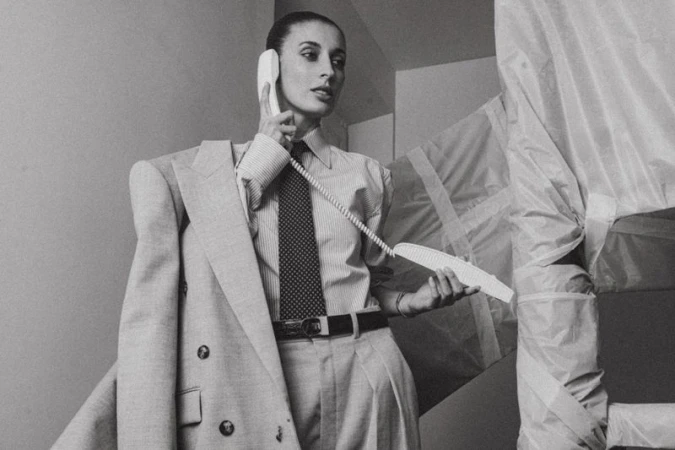 Monochrome portrait of woman in pinstripe shirt, tie, and suit jacket holding telephone receiver indoors, surrounded by covered objects.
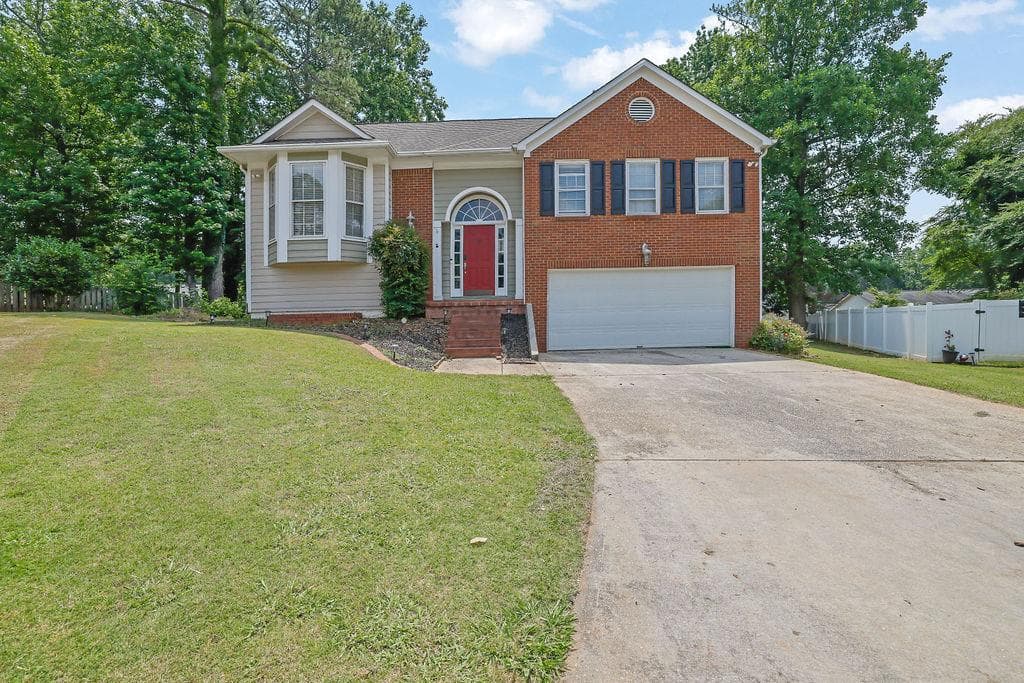 5 bedroom, 3 bathroom, 2,675 sq ft single family residence sold at 1010 San Marcos Cove, Lawrenceville, GA 30043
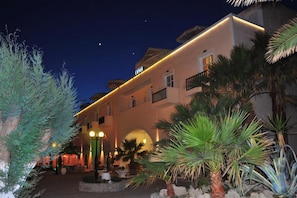 A hotel with a white facade, multiple balconies, and a well-lit entrance area with palm trees and a fountain. - Portiani Hotel (Milos)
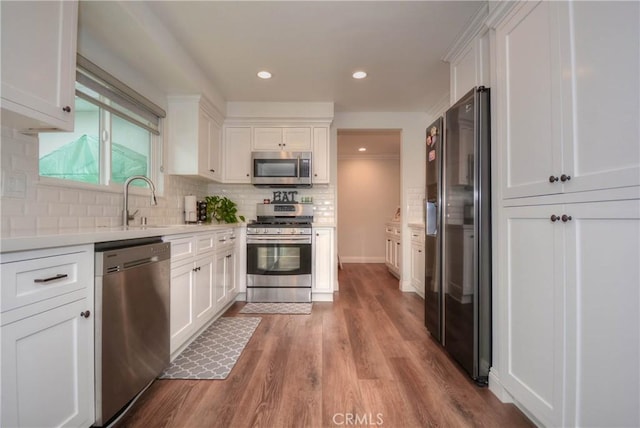 kitchen with light countertops, wood finished floors, appliances with stainless steel finishes, white cabinetry, and a sink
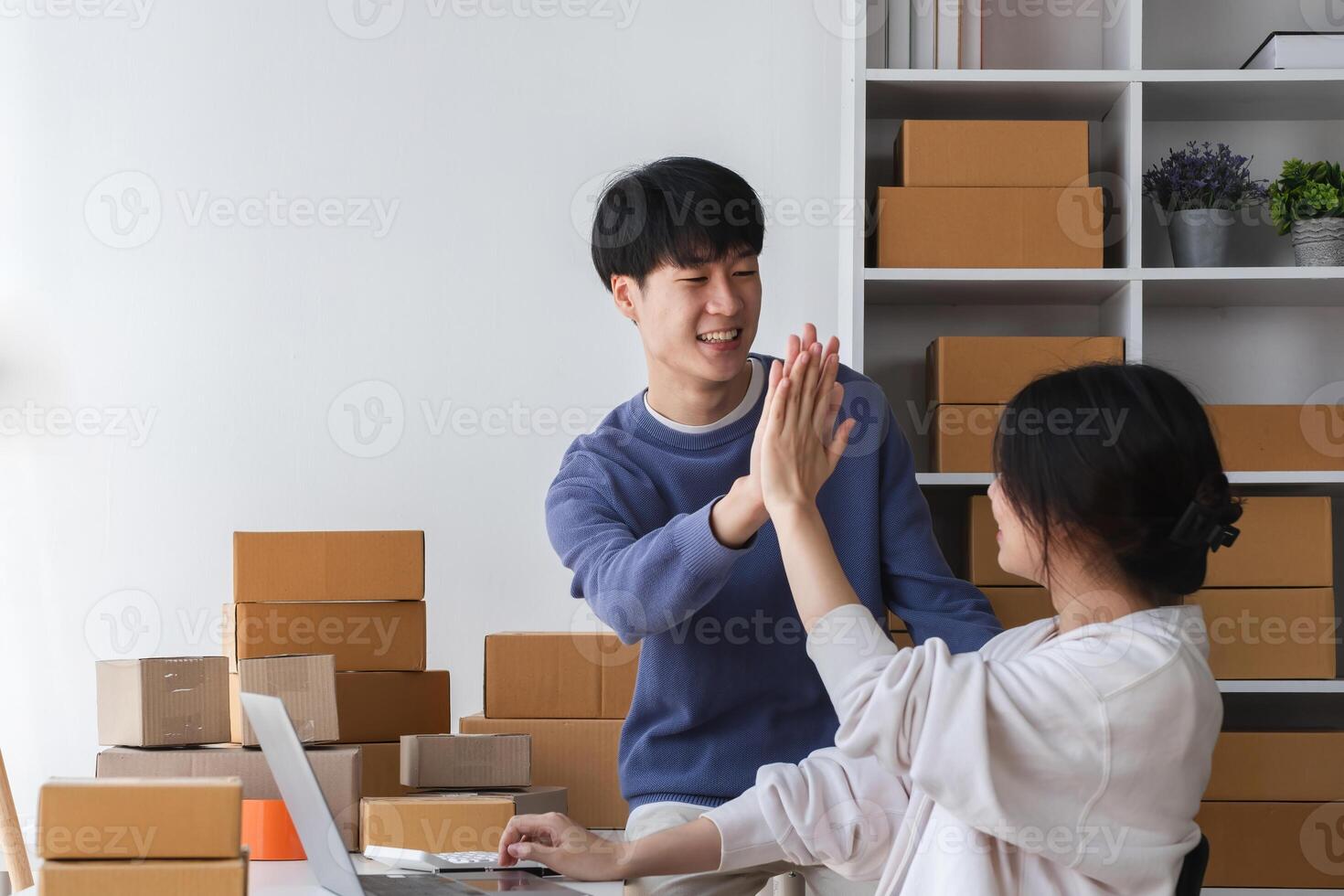 Happy Couple Running a Small Online Business from Home, Surrounded by Cardboard Boxes and Working on a Laptop, Celebrating Success with a High Five in a Bright Modern Workspace photo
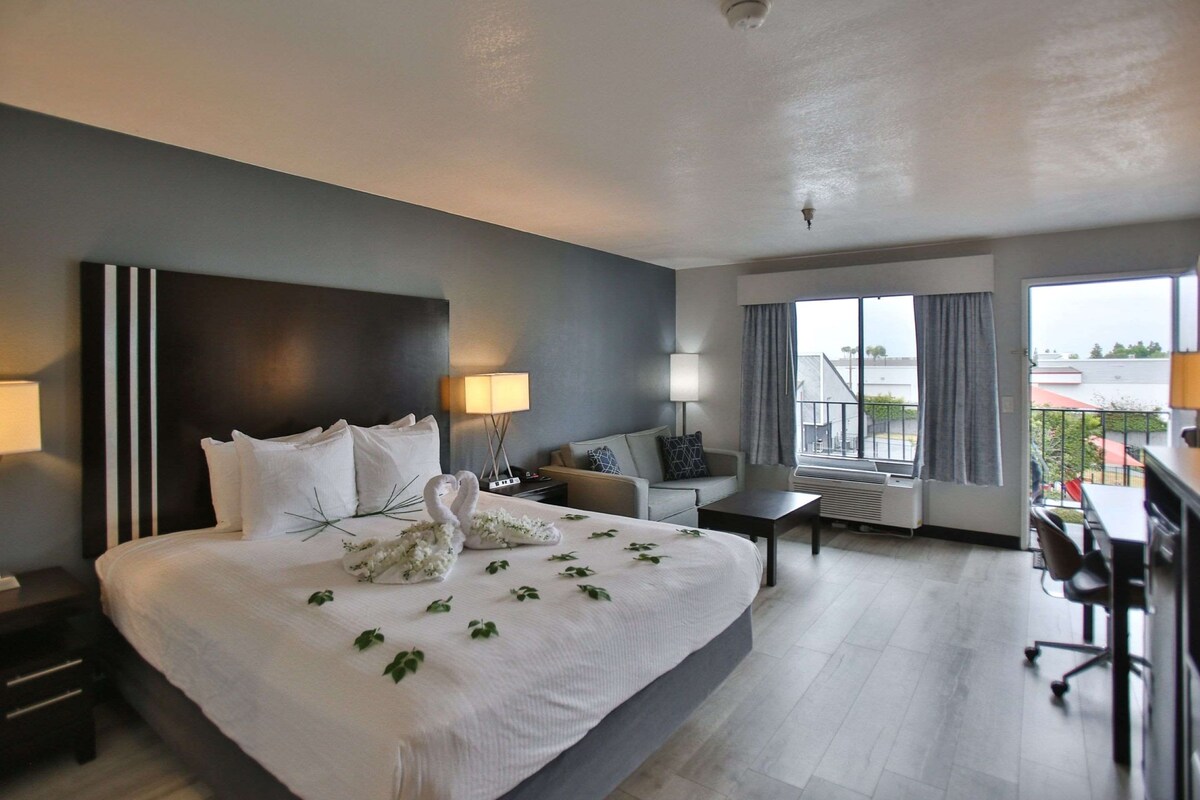 A hotel room with a large bed, a desk, a chair, a sofa, and a balcony with a view.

==============================

Your reply should hold nothing but the lines above, from the one containing "A hotel with" to the one containing "kitchen with light", reproduced exactly minus the pictures.

 A hotel with a white facade, multiple balconies, and a well-lit entrance area with palm trees and a fountain. - Portiani Hotel (Milos)
 kitchen with light countertops, wood finished floors, appliances with stainless steel finishes, white cabinetry, and a sink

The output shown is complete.